Zijgevels en achtergevel

De noordelijke zijgevel geeft uit op de Watertorenlaan en werd in tegenstelling tot de andere gevels volledig tegen de rooilijn aangebouwd. Een bijzondere aandacht ging naar het ontwerp en de uitwerking van de vensterpartijen, waarbij op het gelijkvloers twee monumentale rondbogige drielichten de gevel sieren. In het rondboogvenster van de hoofdtravee tekent de inglenook zich duidelijk af. Het centrale veld van het drielicht is blind uitgewerkt met een metselmozaïek met natuurstenen sierelementen. Langs de binnenzijde sluit dit vlak aan op de haardwand van het grote salon. Achter de gebombeerde tussenzuiltjes van het bovenlicht werden de rookkanalen van de haard op ingenieuze wijze ingewerkt. In alle beglaasde onderdelen van het rondbogige drielicht van het hoofdtravee steken glas-in-loodramen. De bovenlichten hebben een kleine roedeverdeling en zitten vervat in een decoratief opgevatte rondbogige omlijsting die deels in baksteen en hardsteen uitgewerkt is. Het rondbogige drielicht van de linkertravee is iets smaller opgevat. In deze raampartij steekt geen glas in lood maar spiegelglas. Ook de hardstenen stijlen zijn soberder uitgewerkt. De monumentale geblokte rondboogomlijstingen van beide drielichten zijn opgevat als waterlijsten en gaan elk de verbinding aan met de dorpel van het bovenliggend venster.
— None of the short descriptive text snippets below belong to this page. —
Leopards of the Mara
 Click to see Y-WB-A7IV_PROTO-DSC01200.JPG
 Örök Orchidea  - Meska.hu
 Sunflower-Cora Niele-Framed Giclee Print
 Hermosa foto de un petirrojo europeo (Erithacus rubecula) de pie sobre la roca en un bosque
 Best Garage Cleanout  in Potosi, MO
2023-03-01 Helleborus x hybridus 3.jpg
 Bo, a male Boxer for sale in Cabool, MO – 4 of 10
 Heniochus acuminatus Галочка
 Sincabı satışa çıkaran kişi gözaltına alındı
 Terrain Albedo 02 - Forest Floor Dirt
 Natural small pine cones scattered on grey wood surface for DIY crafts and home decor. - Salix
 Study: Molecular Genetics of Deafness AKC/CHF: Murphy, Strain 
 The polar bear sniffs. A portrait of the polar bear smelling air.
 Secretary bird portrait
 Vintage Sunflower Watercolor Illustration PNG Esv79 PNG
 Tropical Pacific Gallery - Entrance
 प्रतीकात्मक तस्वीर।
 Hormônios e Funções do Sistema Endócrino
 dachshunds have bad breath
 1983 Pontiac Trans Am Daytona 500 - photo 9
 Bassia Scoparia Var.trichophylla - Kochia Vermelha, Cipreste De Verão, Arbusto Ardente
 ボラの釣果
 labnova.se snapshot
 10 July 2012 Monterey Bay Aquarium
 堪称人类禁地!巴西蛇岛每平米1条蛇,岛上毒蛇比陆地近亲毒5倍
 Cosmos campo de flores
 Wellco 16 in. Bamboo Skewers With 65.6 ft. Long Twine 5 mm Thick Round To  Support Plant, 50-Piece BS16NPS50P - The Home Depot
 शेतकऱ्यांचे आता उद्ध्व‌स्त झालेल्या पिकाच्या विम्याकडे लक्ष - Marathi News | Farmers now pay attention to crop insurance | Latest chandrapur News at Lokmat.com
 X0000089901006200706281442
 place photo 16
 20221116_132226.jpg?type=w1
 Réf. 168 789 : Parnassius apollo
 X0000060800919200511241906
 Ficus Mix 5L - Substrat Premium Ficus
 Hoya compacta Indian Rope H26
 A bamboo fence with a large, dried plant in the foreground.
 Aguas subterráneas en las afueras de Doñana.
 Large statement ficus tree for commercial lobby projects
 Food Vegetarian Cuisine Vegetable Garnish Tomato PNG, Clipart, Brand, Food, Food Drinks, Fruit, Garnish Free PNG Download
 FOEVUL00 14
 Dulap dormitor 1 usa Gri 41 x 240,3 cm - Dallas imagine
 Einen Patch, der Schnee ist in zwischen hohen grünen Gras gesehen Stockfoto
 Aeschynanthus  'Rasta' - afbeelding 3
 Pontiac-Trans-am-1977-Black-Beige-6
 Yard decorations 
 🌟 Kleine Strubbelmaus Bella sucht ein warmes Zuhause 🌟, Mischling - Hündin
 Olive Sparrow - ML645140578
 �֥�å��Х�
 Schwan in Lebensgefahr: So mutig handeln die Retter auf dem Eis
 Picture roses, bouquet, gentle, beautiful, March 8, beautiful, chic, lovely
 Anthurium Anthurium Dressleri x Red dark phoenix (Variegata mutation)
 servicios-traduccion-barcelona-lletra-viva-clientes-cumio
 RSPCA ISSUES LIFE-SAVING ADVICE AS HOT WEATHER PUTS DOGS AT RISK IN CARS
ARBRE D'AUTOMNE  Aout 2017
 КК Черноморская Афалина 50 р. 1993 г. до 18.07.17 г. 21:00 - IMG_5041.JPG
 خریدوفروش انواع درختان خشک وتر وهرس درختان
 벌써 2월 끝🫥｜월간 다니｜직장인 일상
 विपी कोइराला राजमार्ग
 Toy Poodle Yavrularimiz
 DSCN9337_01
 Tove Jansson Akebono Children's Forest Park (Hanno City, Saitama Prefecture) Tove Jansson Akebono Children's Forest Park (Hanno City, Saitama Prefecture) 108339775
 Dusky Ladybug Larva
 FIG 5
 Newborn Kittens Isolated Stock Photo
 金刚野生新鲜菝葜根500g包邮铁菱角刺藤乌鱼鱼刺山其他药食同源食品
De eerste verdieping van de noordelijke zijgevel wordt gesierd door twee rechthoekige vensters met uitwaaierend drieledig bovenlicht. Dit venstertype vinden we eveneens terug in de voorgevel op de eerste verdieping van de hoofdvolumes. De vensters van de eerste verdieping aan de noordelijke zijgevel zijn in tegenstelling tot deze van de voorgevel voorzien van fijne balustrades.

Achtergevel

De achtergevel is gericht naar de ruime tuin, gelegen aan de zuidzijde van het perceel. In tegenstelling tot de voorgevel en noordelijke zijgevel doet deze gevel geen dienst als pronkgevel. In de gevelcompositie werd maximaal aansluiting gezocht met de achterliggende tuin. In het oog springt het volume van het overdekt terras, dat deels voor het bow-window van de rechtertravee uitspringt.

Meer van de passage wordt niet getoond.